Parallel programming with Opencl ?

duymap · 28. Juni 2013 um 22:18

Hi all,

Now my laptop has 3 items:

1 Intel CPU ( core i5 )
1 Intel GPU ( internal HD graphics 4000)
1 Nvidia GPU ( external )

I tried to test each all devices using JOCLSample, everything is fine.

Now I have the problem with parallel programming. I don’t know how to implement parallel programming in JOCL. Because OpenCL has this ability but I don’t see any example for that. Do everyone has any idea about this ? I have an idea to put all devices into one context like this idea http://dhruba.name/2012/10/14/opencl-cookbook-how-to-leverage-multiple-devices-in-opencl/, but it does not work in JOCL. I appreciate if someone can show me how bcos I am stucking in my project assignment “how to apply parallel processing in OpenCL” :(.

Many thanks,
Duy.

Marco13 · 29. Juni 2013 um 06:14

Hi

It seems like I did not understand your question. Every example from jocl.org - Samples already IS using „parallel programming with OpenCL“. In fact, it’s hard to use OpenCL and to NOT do „parallel programming“

Or was your question specifically about how to use multiple devices?

bye
Marco

duymap · 29. Juni 2013 um 18:44

[QUOTE=Marco13]Hi

It seems like I did not understand your question. Every example from jocl.org - Samples already IS using „parallel programming with OpenCL“. In fact, it’s hard to use OpenCL and to NOT do „parallel programming“

Or was your question specifically about how to use multiple devices?

bye
Marco[/QUOTE]

Hi Marco,

Thanks for your quick response. I know OpenCL support parallel programming. But in these samples, these sample just use one device for computing ( deviceIndex ). So my questions are:

If we just want to run OpenCL on one selected device, since OpenCL running, it runs parallelly , right ?
I meant how we use multiple devices in OpenCL ? I tried put mutilple devices in one context, looks like my way is incorrect ? And if we can put multiple devices in one context, did we did one command for each device ?

I tried JavaCL and reallize that your JOCL works well with each device. But I don’t know how to use mutiple devices at the same time in computing.

Because I have just started with OpenCL and everying is new for me. So if I am wrong in something, please correct me.

Thanks,
Duy.

Marco13 · 1. Juli 2013 um 03:50

That’s right.

I meant how we use multiple devices in OpenCL ? I tried put mutilple devices in one context, looks like my way is incorrect ? And if we can put multiple devices in one context, did we did one command for each device ?

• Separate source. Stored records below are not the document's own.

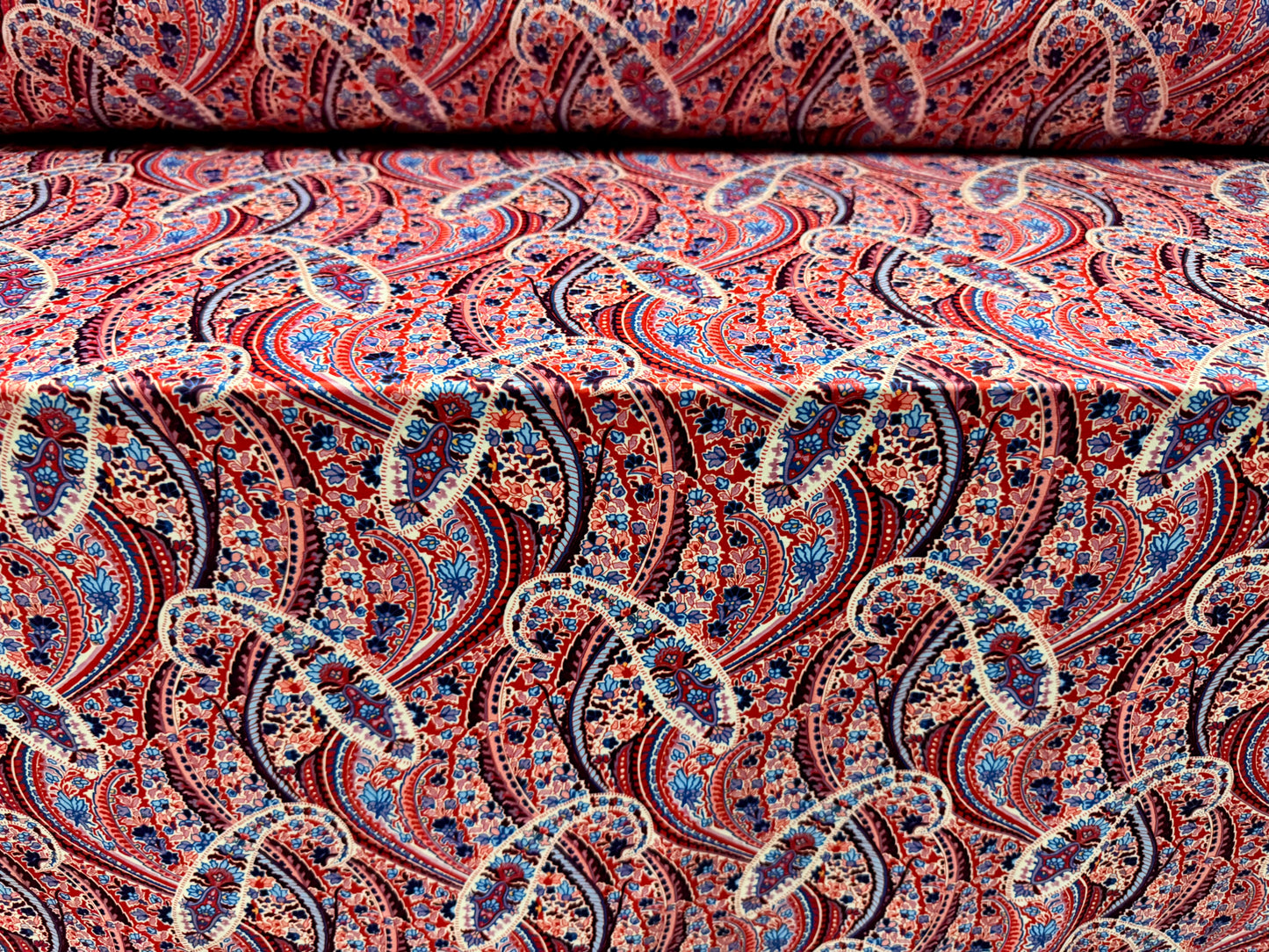 Soft touch stretch spandex single jersey fabric, per metre - paisley print - red & blue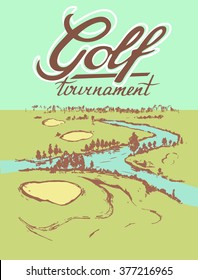 Golf tournament poster. Vector illustration. Hand drawn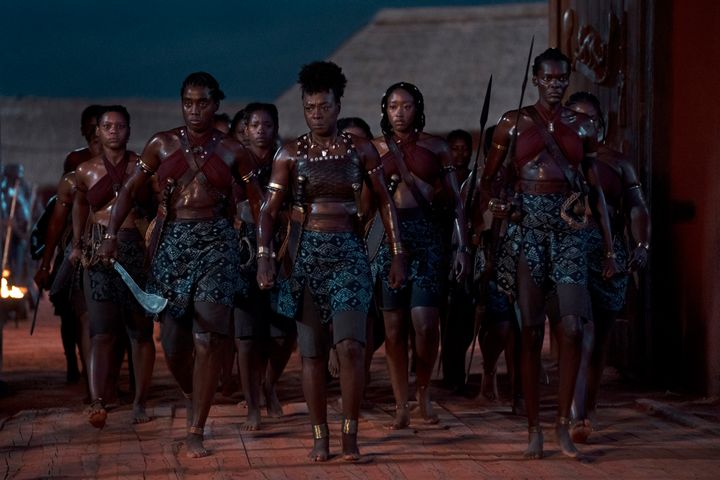 (Front row, from left) Lashana Lynch, Davis, Shelia Atim, (second row, from left) Sisipho Mbopa, Lone Motsomi and Chioma Umeala in "The Woman King."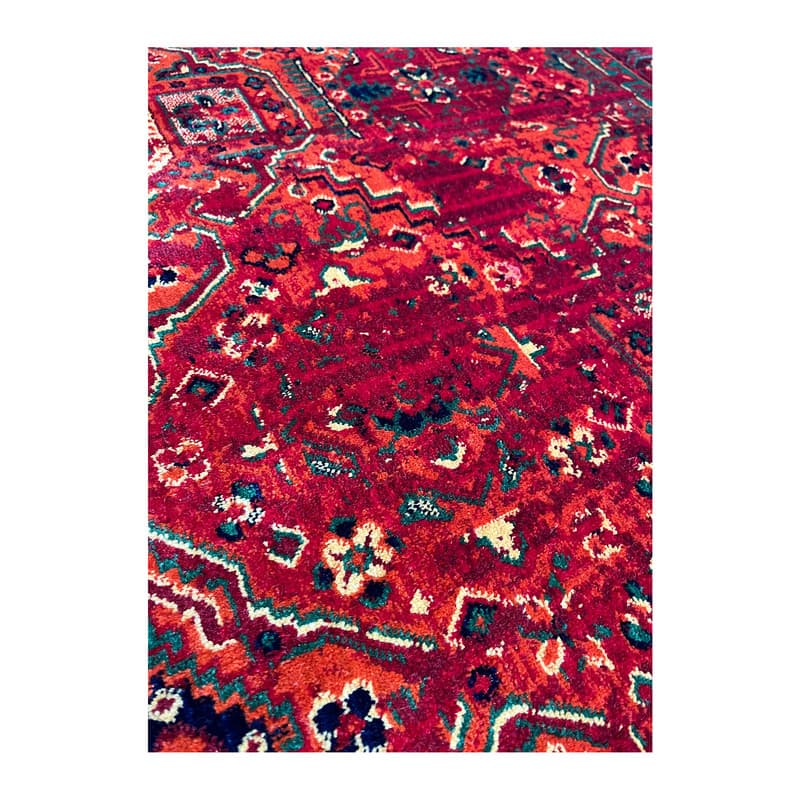 فرش ماشینی 1200 شانه زمینه لاکی حاشیه لاکی طرح بلوچی کد 6047 — تصویر ۵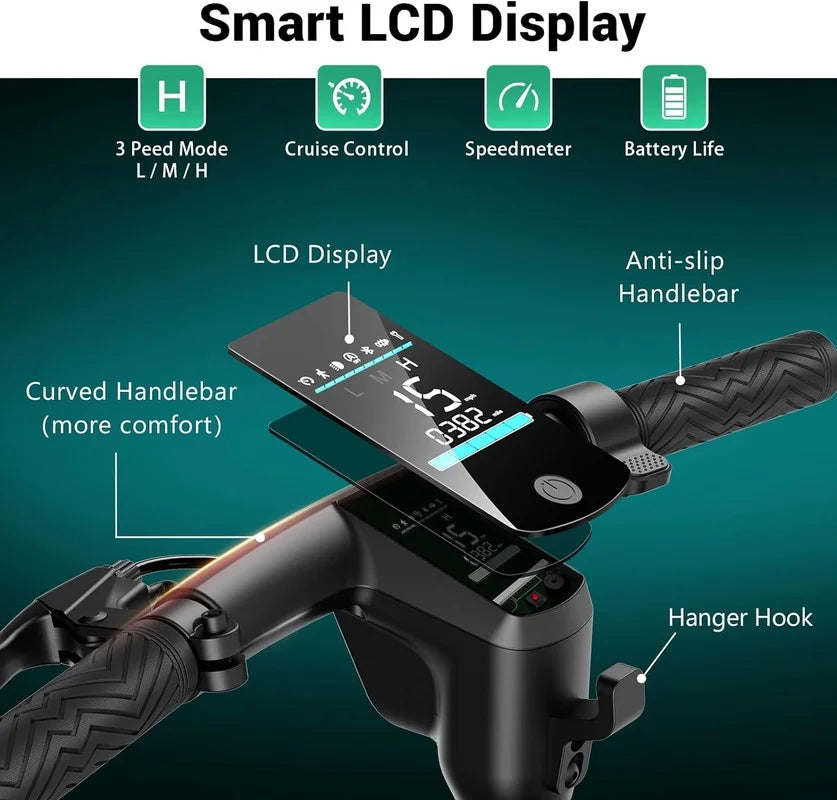 Electric Scooter with 500W Motor, 8.5 Solid Tires, 15 Miles Range B650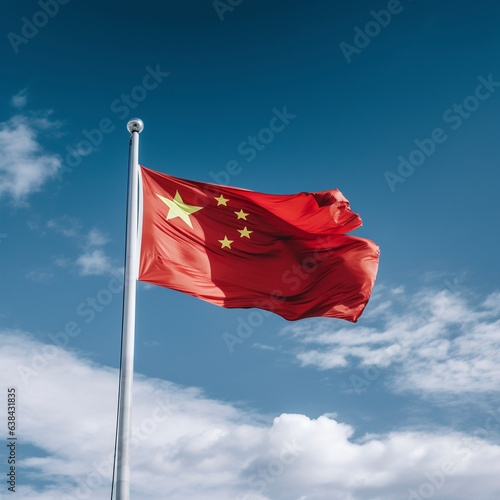 China flag against blue sky
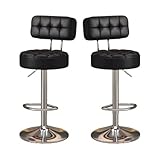 JATIBOSH Barhocker 2er Set Höhenverstellbar Barstuhl, Küchenhocker mit Lehne, Barhocker 360° Drehbar, Tresenhocker 150Kg Belastbar für Küche, Esszimmer.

Yes, when using multiple devices, you usually create one command queue for each device. Admittedly, I have not yet made extensive experiments with multiple devices, only some first tests with a 2-GPU-Machine. However, the details of properly handling multiple devices may be tricky. One aspect is that you never really know where memory is allocated. When you create an OpenCL buffer, it is „virtually“ (!) created on ALL devices, and thus may have to be copied or updated between the devices when they are actually concurrently using this buffer.

Apart from that, using multiple devices with JOCL is exactly the same as with plain OpenCL. The ‚Samples‘ page currently contains no simple example that really uses multiple devices, but maybe I can add one when I find the time.

bye

duymap · 1. Juli 2013 um 07:43

Hi Marco,

Thanks for your comments. I will keep researching how to implement that on multiple devices. But as you said, have you did some tests with 2 GPUs, so could you please give me some instructions how to test with 2 GPUs, because my laptop had 2 GPUs and I can try. If I found something about working with multiple devices, I will update you.

Thanks,
Duy.

Marco13 · 1. Juli 2013 um 16:30

I can try to create a small multi-device-sample tomorrow (i.e. later today), I think I already have most of the relevant code somewhere, just have to polish it a little.

duymap · 1. Juli 2013 um 18:40

Thanks a lot, Marco !!!

Marco13 · 2. Juli 2013 um 09:05

Hello

I have uploaded a very basic example showing how to use multiple devices at http://jocl.org/samples/JOCLMultiDeviceSample.java .

BTW: I have seen your post at the JavaCL mailing list about combining GPU- and CPU devices. The main problems is that it is not possible to create a single context that contains devices from different platforms. If you want to employ multiple devices from different platforms, you probably have to create multiple contexts, and probably have to copy data between those devices via the host, but I have not yet tried this, and it might involve a little more effort.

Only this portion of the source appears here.